Malwarebytes researchers are warning users not to buy into the hype, or the actual products, offered with Amazon's Key service, which combines smart locks and security cameras to enable in home deliveries.
Researchers say that like most internet of things (IoT) devices, it is unclear what vulnerabilities the smart lock include, how often they will be updated, and that previous smart locks have proven insecure in the past, according to an Oct. 26 blog post.
In addition, researchers called for more transparency surrounding the underlined technology used in the product since neither Amazon nor the manufacturer's technical specifications pages list the security protocols used within the locks.
Some of the questions raised were if the lock's software would be updated and if so how frequent, what would happen in the event if a company ceased to offer support for the locks, and other liability issues. At least one of the locks uses Wi-Fi, which was noted as insecure, while others use Bluetooth low energy technology which affords additional security but could still leave users vulnerable.

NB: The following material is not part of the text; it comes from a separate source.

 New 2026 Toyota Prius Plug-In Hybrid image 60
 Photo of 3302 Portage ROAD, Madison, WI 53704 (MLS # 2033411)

Last year, independent researchers Anthony Rose and Ben Ramsey demonstrated at the DefCon Conference how 12 of 16 Bluetooth smart locks could be hacked due to a lack of encryption and other vulnerabilities which allowed them to change user passwords.
Researchers called for smart lock manufactures to use independent industry-wide security standards in design, independent code auditing, conventional implementation of industry standard encryption, conventional implementation of industry standard encryption, have right to repair and not use Wi-Fi before smart locks could achieve the same purchase status as standard deadbolt locks.